Hello,
i’m woring with #kubernetes so i install nvidia driver 470, then i install cuda toolkit 11.8 in my worker in kubernities
i’m trying to run a python code in my pod to test my GPUs, so first i install the following libraries
• pip install torch==2.0.1 torchvision==0.15.2 torchaudio==2.0.2 --index-url https://download.pytorch.org/whl/cu118
this is the code that i’m trying to compile:
import torch
import time
def test_gpu():
Check if GPU is available
if not torch.cuda.is_available():
print(“No GPU detected. Please ensure PyTorch is installed with GPU support and a compatible GPU is available.”)
return
print(“GPU detected! Details:”)
print(f"GPU Name: {torch.cuda.get_device_name(0)}“)
print(f"CUDA Capability: {torch.cuda.get_device_capability(0)}”)
print(f"Total Memory: {torch.cuda.get_device_properties(0).total_memory / 1e9:.2f} GB")
Perform a simple computation to stress test the GPU
print(“\nStarting GPU stress test…”)
matrix_size = 50
print(f"Matrix size: {matrix_size} x {matrix_size}")
Create random matrices on GPU
device = torch.device(“cuda”)
a = torch.rand((matrix_size, matrix_size), device=device)
b = torch.rand((matrix_size, matrix_size), device=device)
Perform matrix multiplication
start_time = time.time()
result = torch.mm(a, b)
torch.cuda.synchronize() # Ensure computation is finished
end_time = time.time()
print(“GPU stress test completed.”)
print(f"Time taken for matrix multiplication: {end_time - start_time:.2f} seconds")
if name == “main”:
test_gpu()
###################
this is the result:
###################
(base) jovyan@testgpu2222222-0:~$ python /home/jovyan/test2.py
GPU detected! Details:
GPU Name: NVIDIA A10-6C
CUDA Capability: (8, 6)
Total Memory: 6.27 GB
Starting GPU stress test…
Matrix size: 50 x 50
File “/home/jovyan/test2.py”, line 22, in test_gpu
a = torch.rand((matrix_size, matrix_size), device=device)
^^^^^^^^^^^^^^^^^^^^^^^^^^^^^^^^^^^^^^^^^^^^^^^^^^^^^
RuntimeError: CUDA error: CUDA-capable device(s) is/are busy or unavailable
CUDA kernel errors might be asynchronously reported at some other API call, so the stacktrace below might be incorrect.
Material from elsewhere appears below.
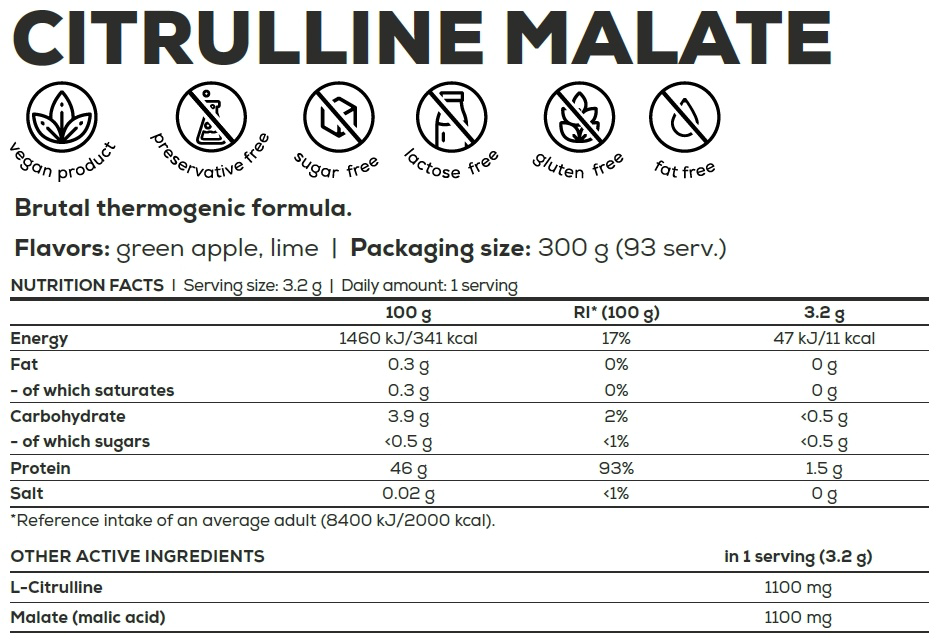 Предтренировочный комплекс BioTech USA Citrulline Malate зеленое яблоко 300гр купить,14990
For debugging consider passing CUDA_LAUNCH_BLOCKING=1.
Compile with TORCH_USE_CUDA_DSA to enable device-side assertions.
as u can see the pod can detect gpu, but while running the python code inside the pod we get this error:
RuntimeError: CUDA error: CUDA-capable device(s) is/are busy or unavailable
Even no process is running and the GPU is in the default mode.